Monday, July 5, 2021

This Isn't Cardinal Bernardin's Catholic Church

Somehow I ran into a piece in the National Review on the Catholic bishops' vote to draft a teaching document on eucharistic coherence, generally assumed to define the eligibility to receive communion for politicians who support policies that go against Church teaching. I had only time to scan it before a popup arrived to tell me I had to subscribe to read more.

Like the Wall Street Journal, NR now wants me to pay for nothing. The last time I spent much time at that site was around 1998, when they still ran Mark Steyn, and Jonah Goldberg had a sense of humor. Anyhow, the point of the piece they wanted me to pay for was that the USCCB did nothing but debate and talk, and we couldn't expect much from the Catholic bishops. I can't quote from it, because they won't let me go back to the piece.

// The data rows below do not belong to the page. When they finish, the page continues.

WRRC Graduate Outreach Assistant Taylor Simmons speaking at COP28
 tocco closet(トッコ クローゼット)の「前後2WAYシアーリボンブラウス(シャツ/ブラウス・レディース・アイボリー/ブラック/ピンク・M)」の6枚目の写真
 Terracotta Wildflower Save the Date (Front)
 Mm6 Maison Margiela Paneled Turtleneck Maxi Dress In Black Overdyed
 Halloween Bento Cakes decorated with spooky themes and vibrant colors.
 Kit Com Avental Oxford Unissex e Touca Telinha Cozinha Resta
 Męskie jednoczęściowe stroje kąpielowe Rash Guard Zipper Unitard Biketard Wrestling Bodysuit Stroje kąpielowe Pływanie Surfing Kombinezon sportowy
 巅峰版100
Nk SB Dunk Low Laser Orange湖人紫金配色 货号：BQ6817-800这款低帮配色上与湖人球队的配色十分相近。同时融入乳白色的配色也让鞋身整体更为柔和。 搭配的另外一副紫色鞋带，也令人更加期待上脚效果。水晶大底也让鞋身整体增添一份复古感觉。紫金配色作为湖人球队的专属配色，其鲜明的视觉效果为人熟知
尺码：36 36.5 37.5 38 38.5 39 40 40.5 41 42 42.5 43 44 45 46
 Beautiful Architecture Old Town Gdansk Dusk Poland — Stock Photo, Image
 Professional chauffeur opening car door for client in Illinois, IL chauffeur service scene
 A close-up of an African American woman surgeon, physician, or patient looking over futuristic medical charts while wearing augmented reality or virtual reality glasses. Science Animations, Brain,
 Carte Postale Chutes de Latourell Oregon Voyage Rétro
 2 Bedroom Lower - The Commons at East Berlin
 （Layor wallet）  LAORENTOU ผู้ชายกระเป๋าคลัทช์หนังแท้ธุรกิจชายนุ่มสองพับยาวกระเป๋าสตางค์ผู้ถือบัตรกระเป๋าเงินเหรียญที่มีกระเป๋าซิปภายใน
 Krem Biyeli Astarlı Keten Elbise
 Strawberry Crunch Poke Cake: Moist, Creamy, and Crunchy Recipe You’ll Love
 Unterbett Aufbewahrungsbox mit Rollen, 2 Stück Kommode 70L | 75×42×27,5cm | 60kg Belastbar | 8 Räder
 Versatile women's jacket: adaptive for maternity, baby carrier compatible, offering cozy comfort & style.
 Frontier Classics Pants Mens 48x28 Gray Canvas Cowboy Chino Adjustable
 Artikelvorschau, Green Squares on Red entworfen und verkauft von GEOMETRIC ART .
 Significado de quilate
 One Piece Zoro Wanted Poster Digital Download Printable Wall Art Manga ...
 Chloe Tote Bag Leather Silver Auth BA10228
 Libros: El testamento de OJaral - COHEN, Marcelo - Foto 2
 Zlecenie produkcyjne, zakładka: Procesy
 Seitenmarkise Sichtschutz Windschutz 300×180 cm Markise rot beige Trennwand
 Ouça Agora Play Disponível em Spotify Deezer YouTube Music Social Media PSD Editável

NR is generslly locked in a time warp. Under Buckley, it was a nominally Catholic publication, though as I reflect on things, Buckley himself was a Catholic for the 1960s, which is to say he was as much a Kennedy Catholic, a Bernardin Catholic, as anything else, just as he was a big-government, CIA Republican. But that kind of Catholic is a fading period piece, and NR isn't really even that kind of Catholic any longer. Of Cardinal Bernardin and the UISCCB, George Weigel wrote in 2011,

For the Bernardin Era and the style of governance characteristic of Bernardin Machine bishops were deeply influenced by the Roman-brokered “Truce of 1968,” an ill-fated attempt to settle the disciplinary situation in the Archdiocese of Washington, where dissent from Humanae Vitae was widespread and public. Whatever the Vatican’s intentions vis-a-vis the difficult situation in Washington, what was learned from the truce were two lessons that would shape an entire era of U.S. Catholic history. The first lesson was that the Holy See would retreat from rigorously enforcing doctrinal discipline if it could be persuaded of the danger of schism. The second lesson was that American bishops were ill advised to go out on a public limb in defense of Catholic teaching (as Patrick Cardinal O’Boyle of Washington had done by disciplining priests who had publicly rejected Humanae Vitae), for that could result in the Holy See sawing off the limb and leaving the bishop in question in a bad way.

Bernardin, as Weigel sees him, was an intensely political animal who was focused on making Catholics politically appealing in a post-Kennedy environment. But the US bishops of 2021 are no less political, as indeed is Abp Gómez, who now occupies Bernardin's one time position as head of the USCCB. But times, and politics, have changed. Last week I quoted from Abp Cordileone's preface to his challenge to the Catholic Democrats, with its strong implication that the Democrats have moved away from Catholics. Only days later, Bp Barron, who by the way works for Abp Gómez and is now the most prominent Catholic spokesman in the US, wrote in the New York Post,

I’m the son of a dyed-in-the-wool Chicago Catholic Democrat. My father, whose family was very involved in city politics, would sooner have become a Lutheran than vote Republican. But my trouble with modern Democrats, I explained, has to do with abortion policy, where the party has lately staked out an especially extreme position.

The Church must operate, as it always must, in a political environment, something Cdl Bernardin clearly recognized. But the trouble is that politics have changed, something the US bishops are waking up to. The Catholic Church is on the side of the poor and vulnerable, which is where the US Democrats used to be, at least through the Kennedys and Lyndon Johnson, and even arguably Bill Clinton. But more recently, the Democrats have lost workers and legal immigrants, and their politics now reflect an alliance between wealthy elites and the Lumpenproletariat, which includes the criminal class that preys almost exclusively on the poor.

Indeed, our own pastor in yesterday's homily that dwelt in part on the meaning of the Fourth, was careful to avoid conventional political alignment, but behind his remarks was a clear concern that leftist California policies toward the homeless were, whatever their expressed object, not working on behalf of either the homeless or the poor.

I think there's a real shift in alignment taking place in the Catholic Church, just as there's a shift taking place among Republicans. I'm not sure Cdl Bernardin would necessarily object on the Catholic side.